Silk Road recognized as world heritage
Updated: 2014-06-22 15:51
By Wang Kaihao (China Daily)
A legendary Eurasian route for trade and cultural communication between the East and the West has finally been acknowledged as a common treasure of human civilization.
China gained its 46th World Heritage Site designation on Sunday after the UNESCO's 38th session of the World Heritage Committee in Doha, Qatar, approved a portion of the Silk Road to be included in the list.
The successful international application of "The Silk Roads: The Initial Section of the Silk Roads, the Routes Network of Tian-shan Corridor" — which involves China, Kazakhstan and Kyrgyzstan — thus becomes one of the biggest items on the list in terms of geographic distribution.
The main line of this ancient route was in use from the second century BC to the 16th century and stretched for more than 7,000 kilometers at its zenith.
"It turns a new page in terms of World Heritage Sites because our previous items on the list are individual spots rather than a continuous line," said Tong Mingkang, deputy director of the State Administration of Cultural Heritage and the head of China's delegation to Doha.
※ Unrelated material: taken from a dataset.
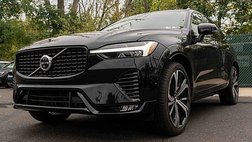 2025 Volvo XC60 B5 Ultra Dark Theme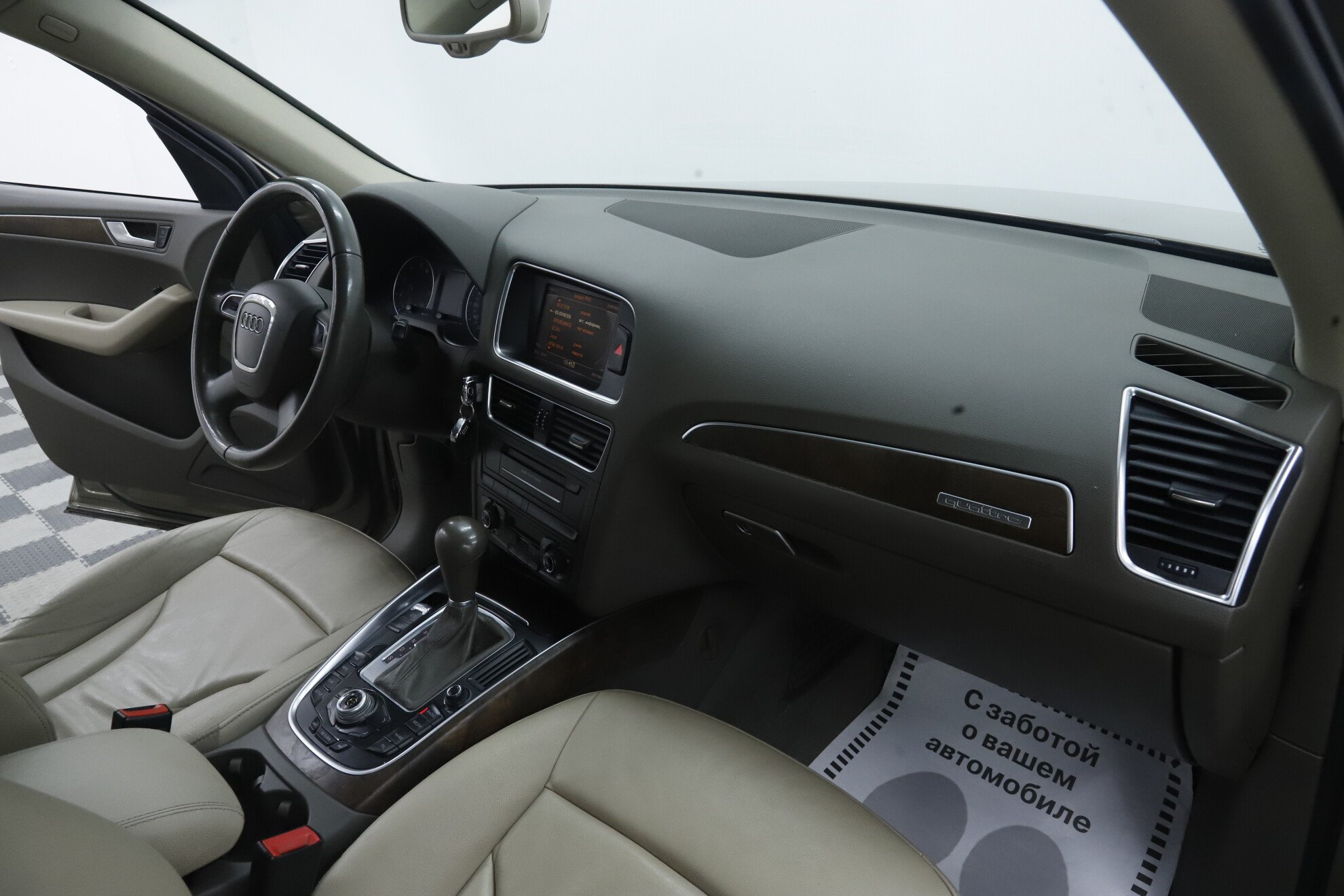 Audi Q5, I (8R), 2009 фото 12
There are 33 historical sites in the project with 22 in China's four province-level administrative regions: Shaanxi, Henan and Gansu provinces and in the Xinjiang Uygur autonomous region, together with eight in Kazakhstan and three in Kyrgyzstan.
"A detailed plan for protection and improvement of surrounding areas was made for each spot, making this application much more complicated than previous ones," Tong said.
"The success also gave us important experience in terms of cross-border cooperation in the field."
Tong said that China would probably submit more international requests for World Heritage status in the future.
According to Lu Qiong, deputy head of the office in charge of World Heritage Protection, the steering committee of the trilateral working group held 15 meetings in China to prepare for the application. The filings had to be written in five languages, which greatly increased the workload.
UNESCO began to encourage countries along the Silk Road to join hands in bidding for World Heritage status as early as the 1990s, but the substantive work only began in 2006 because of academic disputes over which corridor was the most representative. This project defeated another route between Tajikistan and Uzbekistan in an earlier stage of evaluation.